Leave out every picture and set down, exactly, the lines below from the one holding "an aerial view" up to and including the one holding "interior space with".

DATA FOR PROCESSING
++++++++++
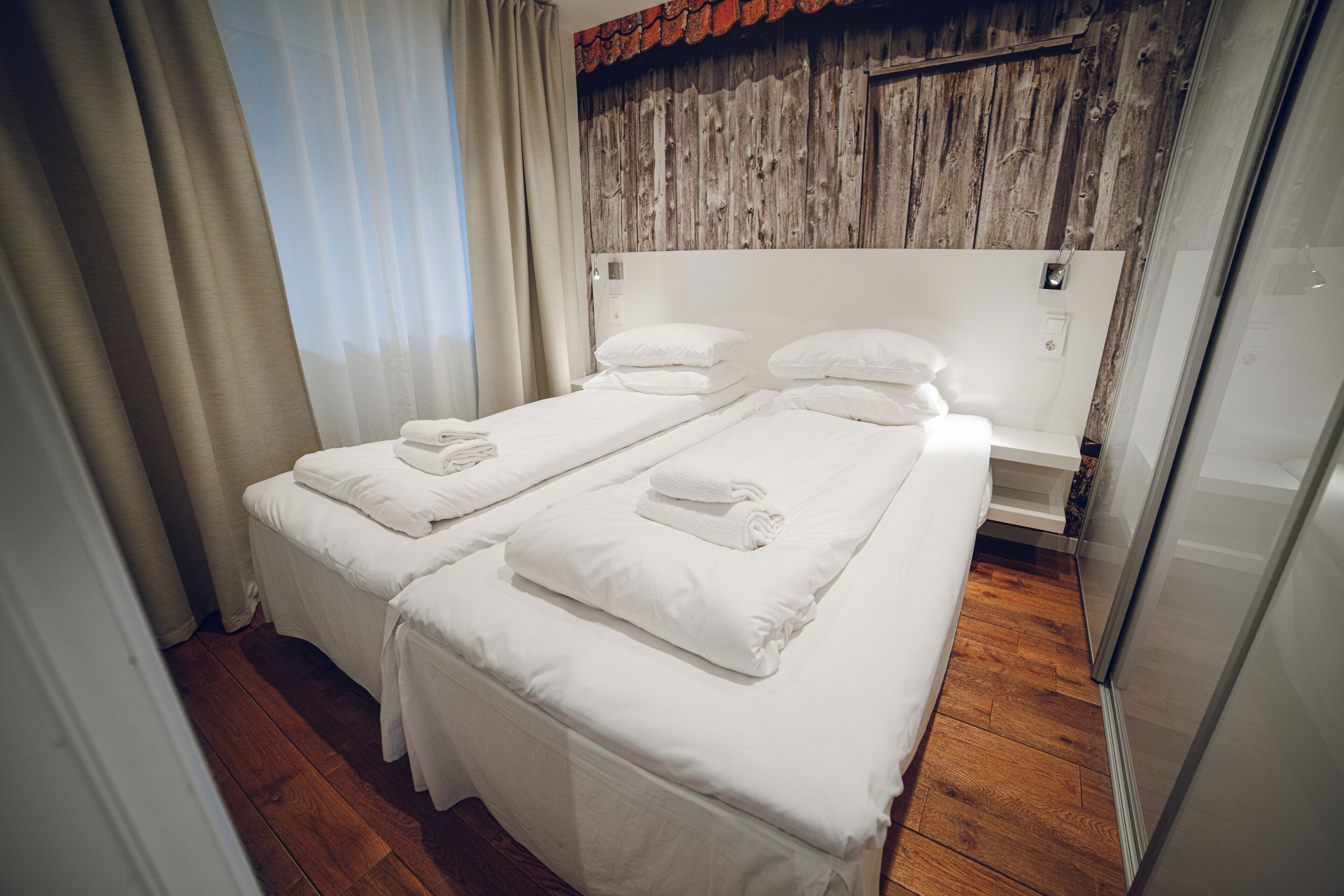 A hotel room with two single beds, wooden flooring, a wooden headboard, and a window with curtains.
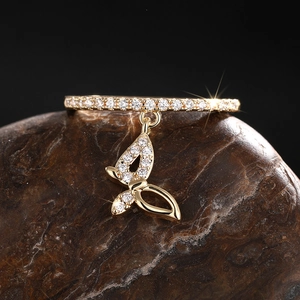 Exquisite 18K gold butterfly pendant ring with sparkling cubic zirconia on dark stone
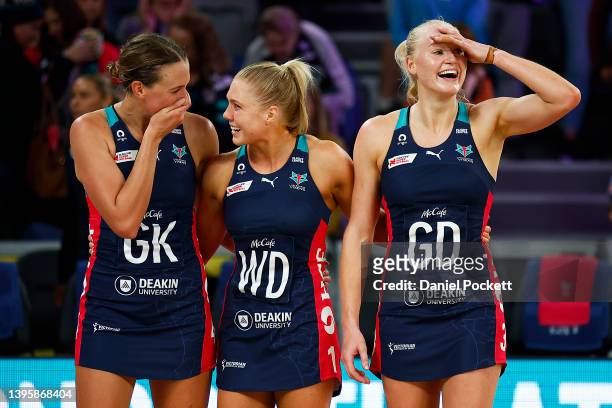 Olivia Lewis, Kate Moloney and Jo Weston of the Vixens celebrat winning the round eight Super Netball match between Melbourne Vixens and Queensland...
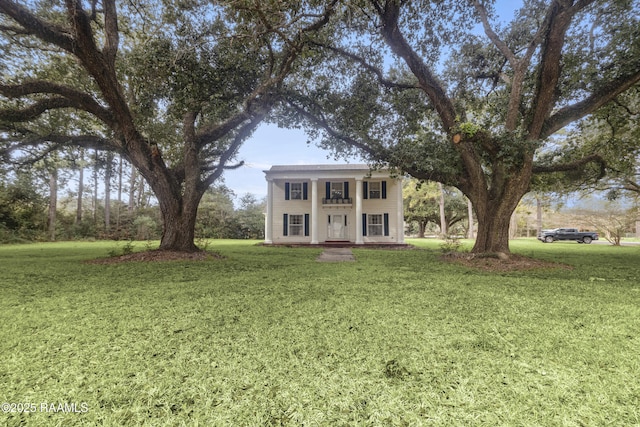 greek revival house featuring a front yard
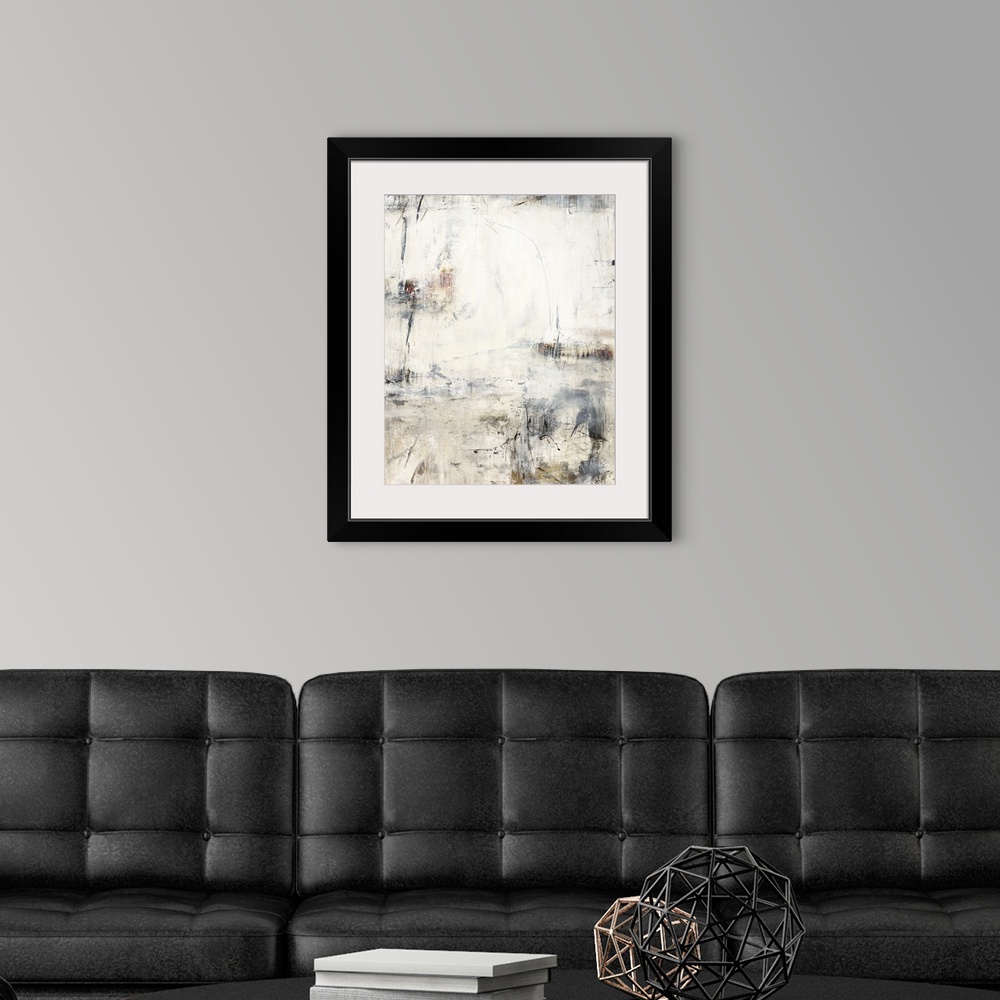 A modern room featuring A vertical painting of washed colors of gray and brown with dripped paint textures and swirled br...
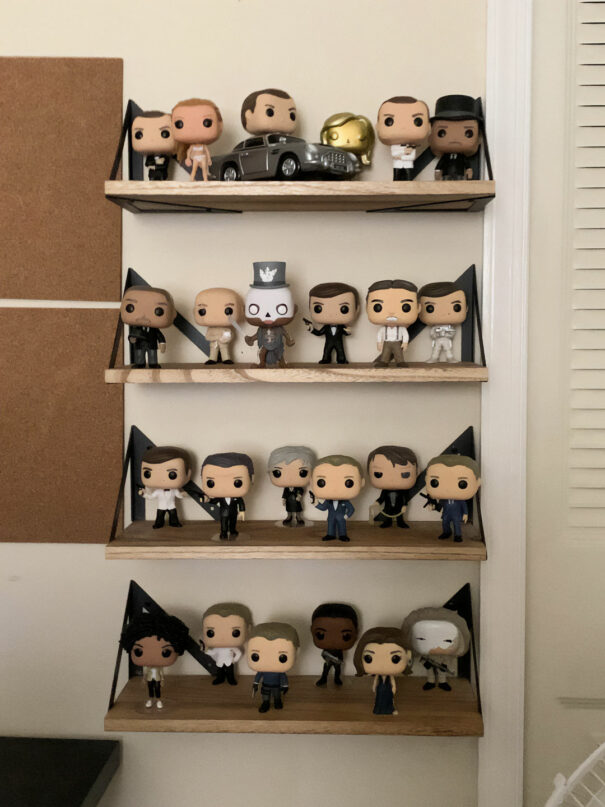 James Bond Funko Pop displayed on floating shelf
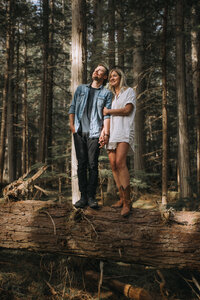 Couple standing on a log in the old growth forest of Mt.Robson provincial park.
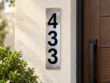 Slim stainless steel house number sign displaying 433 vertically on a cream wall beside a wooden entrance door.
++++++++++
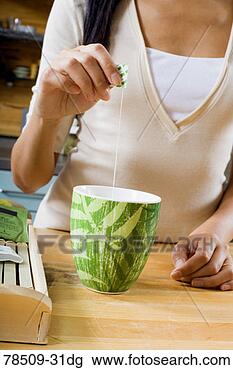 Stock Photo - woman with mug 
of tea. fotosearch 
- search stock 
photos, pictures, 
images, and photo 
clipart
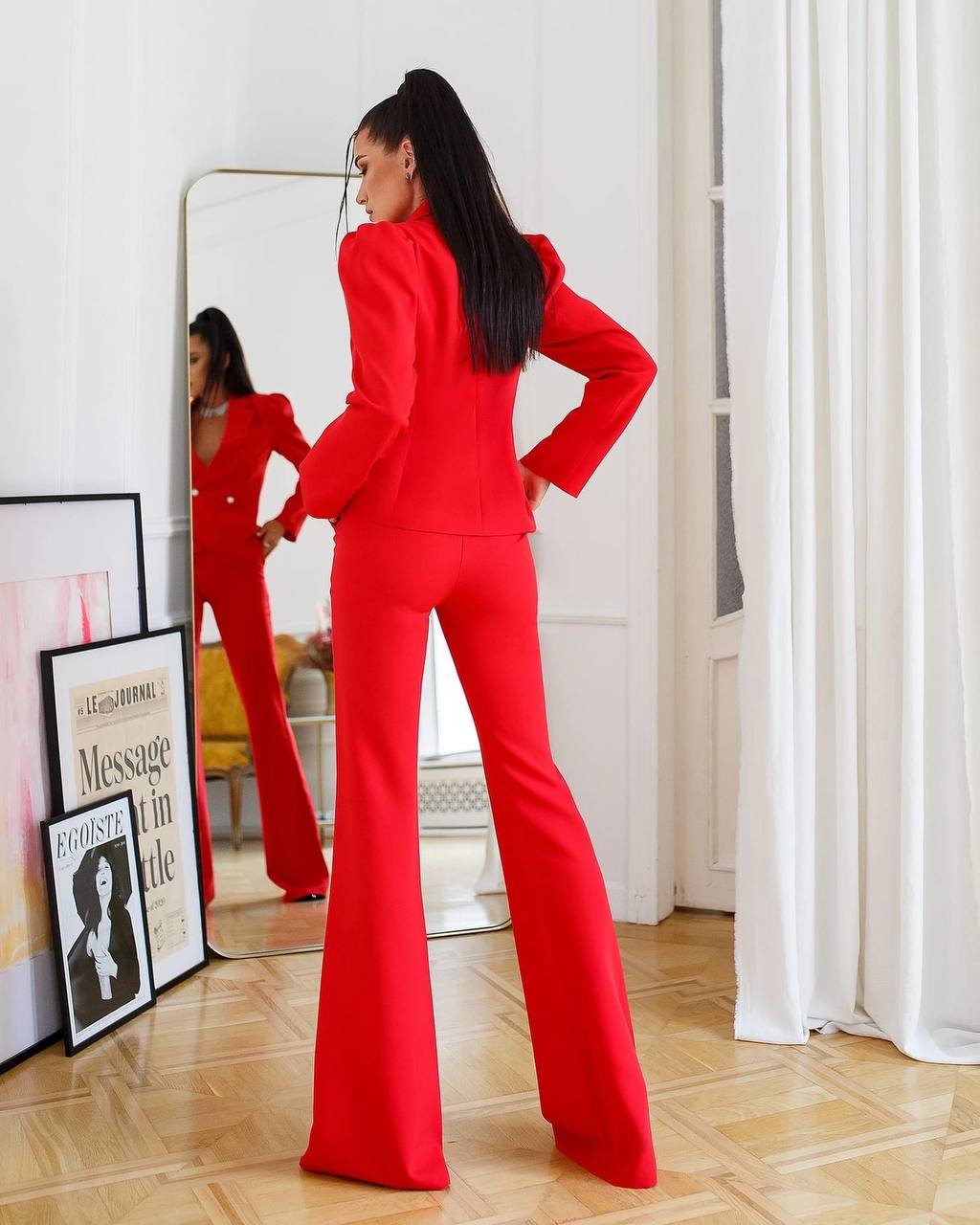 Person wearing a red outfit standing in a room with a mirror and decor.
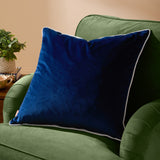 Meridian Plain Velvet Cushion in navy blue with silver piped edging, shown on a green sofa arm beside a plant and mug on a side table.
++++++++++
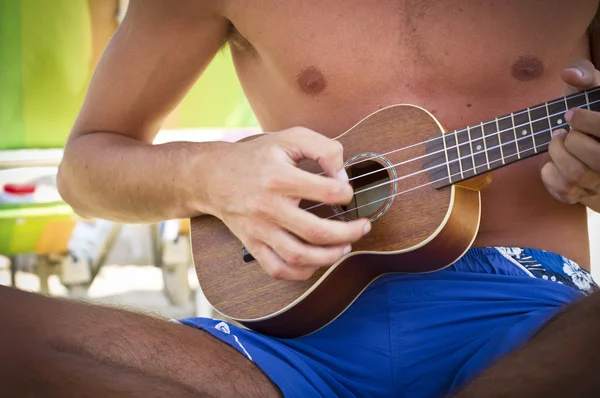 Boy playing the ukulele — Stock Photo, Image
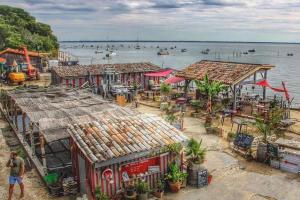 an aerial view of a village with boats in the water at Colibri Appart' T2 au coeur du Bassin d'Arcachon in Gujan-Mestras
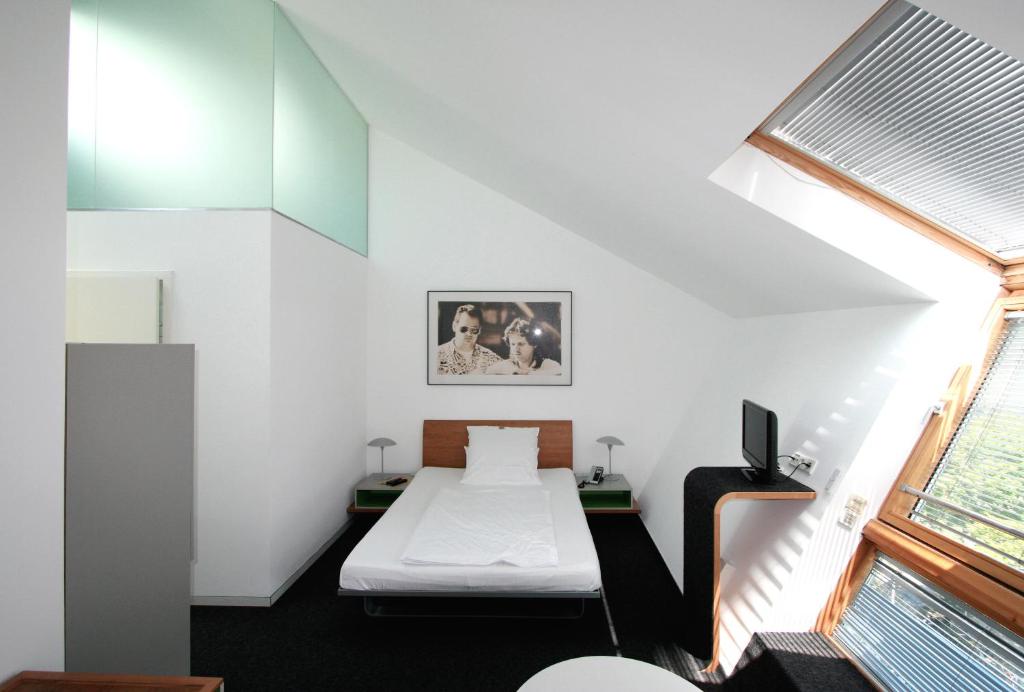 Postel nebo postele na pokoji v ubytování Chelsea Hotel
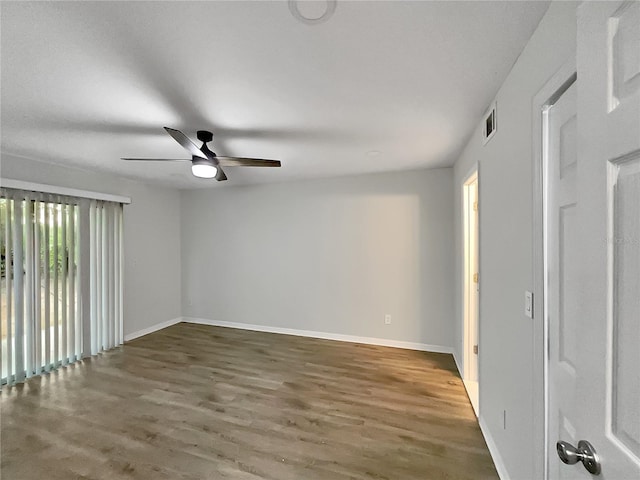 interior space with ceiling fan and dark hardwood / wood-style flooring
++++++++++
OUTPUT
 an aerial view of a village with boats in the water at Colibri Appart' T2 au coeur du Bassin d'Arcachon in Gujan-Mestras
 Postel nebo postele na pokoji v ubytování Chelsea Hotel
 interior space with ceiling fan and dark hardwood / wood-style flooring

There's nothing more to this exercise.